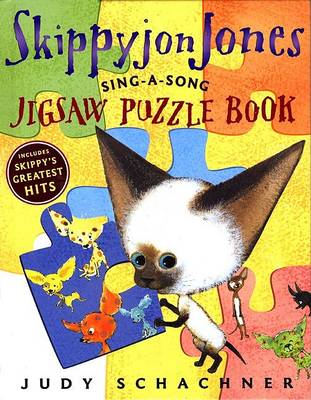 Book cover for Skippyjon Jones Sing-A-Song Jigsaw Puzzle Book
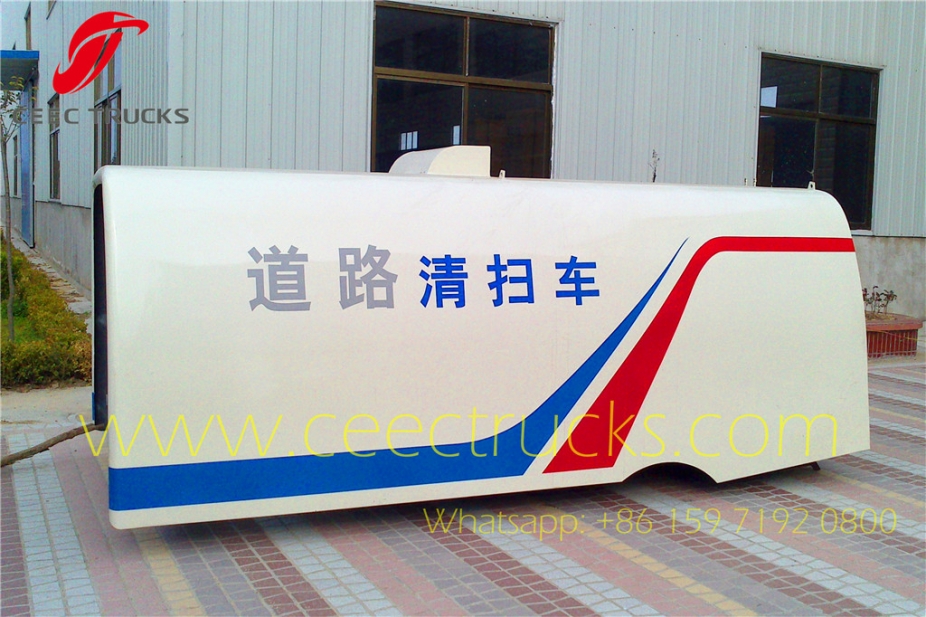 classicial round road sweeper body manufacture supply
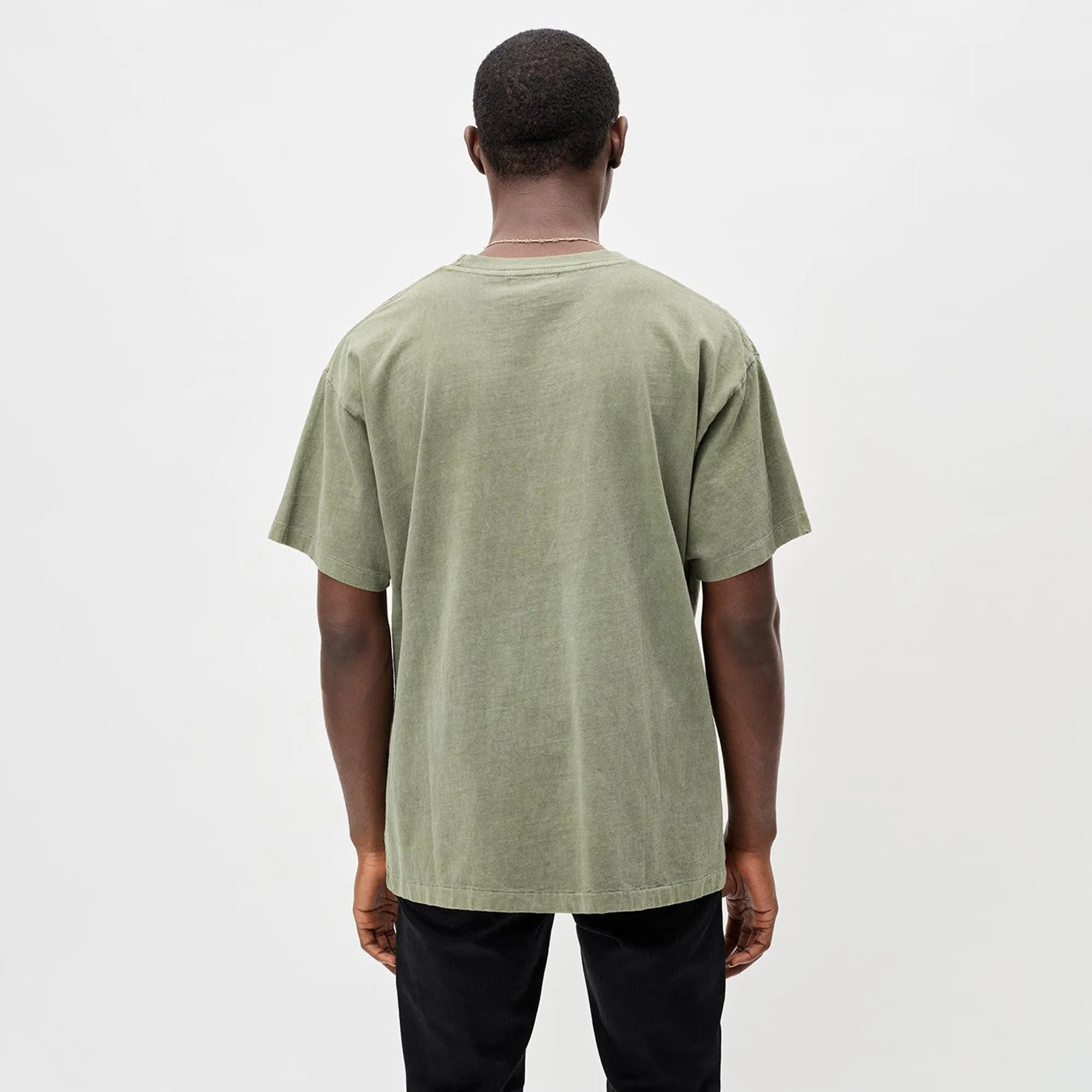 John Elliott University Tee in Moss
^^^^^^^^
Try it: Your task is to repeat exactly the lines from the one containing "classicial round road" through the end of the material, both included, and only those, without pictures.

Response to this task:
 classicial round road sweeper body manufacture supply
 John Elliott University Tee in Moss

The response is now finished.